Although the data below contains pictures, output only the lines between those holding "In their last" and "You may now", inclusive, exactly and without those pictures.

» WORKING DATA
*** Block opens ***

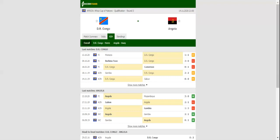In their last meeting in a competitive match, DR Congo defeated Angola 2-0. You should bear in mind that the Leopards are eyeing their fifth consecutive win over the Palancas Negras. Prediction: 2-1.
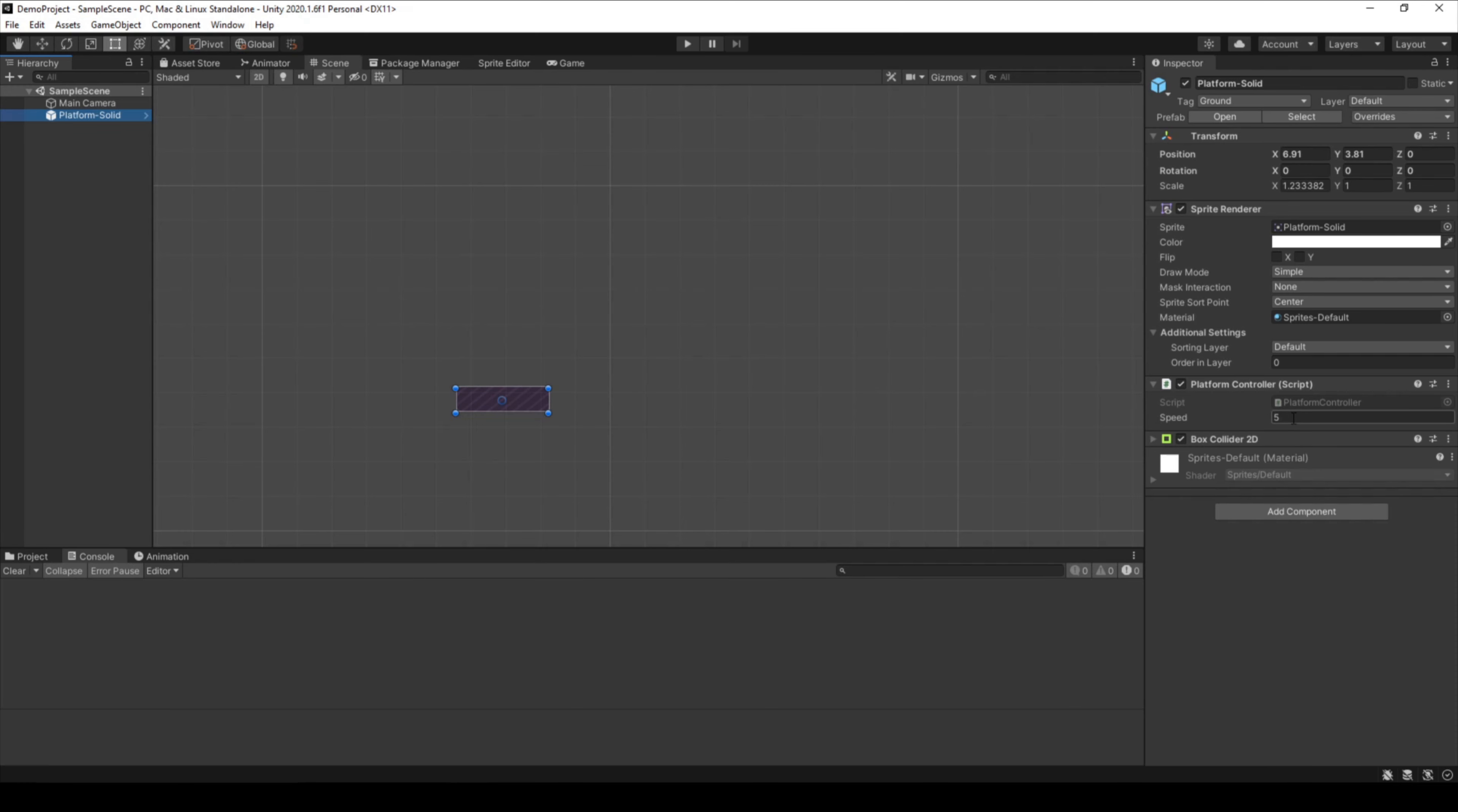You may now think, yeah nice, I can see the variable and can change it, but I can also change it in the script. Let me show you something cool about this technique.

*** Block closes ***
*** Block opens ***

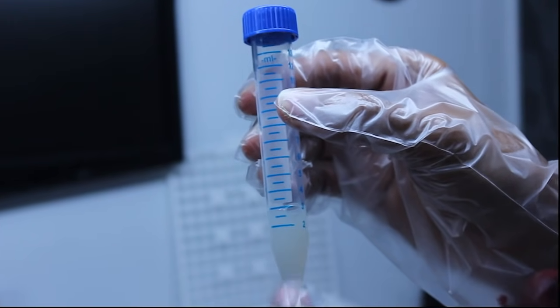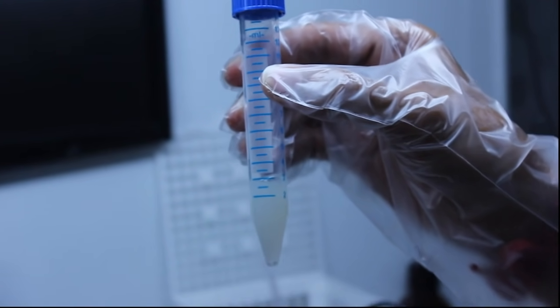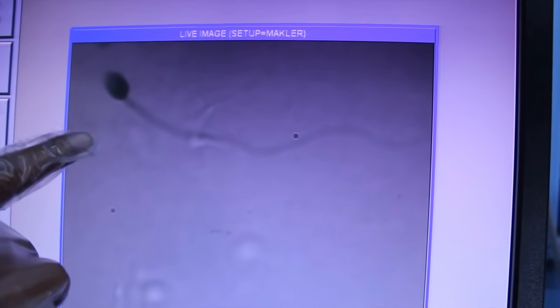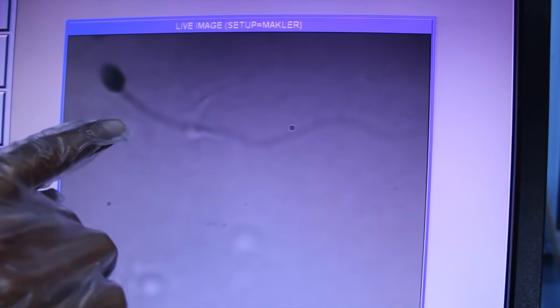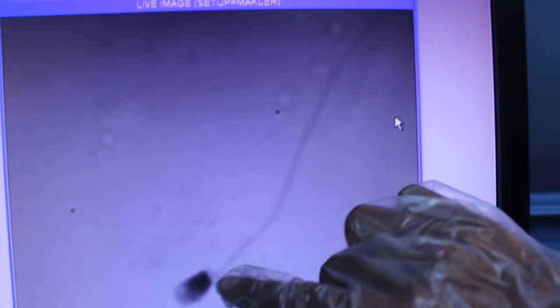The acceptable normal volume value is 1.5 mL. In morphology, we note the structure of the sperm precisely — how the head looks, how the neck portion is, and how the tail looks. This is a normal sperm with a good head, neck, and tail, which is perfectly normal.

*** Block closes ***

» RESULT
In their last meeting in a competitive match, DR Congo defeated Angola 2-0. You should bear in mind that the Leopards are eyeing their fifth consecutive win over the Palancas Negras. Prediction: 2-1.
You may now think, yeah nice, I can see the variable and can change it, but I can also change it in the script. Let me show you something cool about this technique.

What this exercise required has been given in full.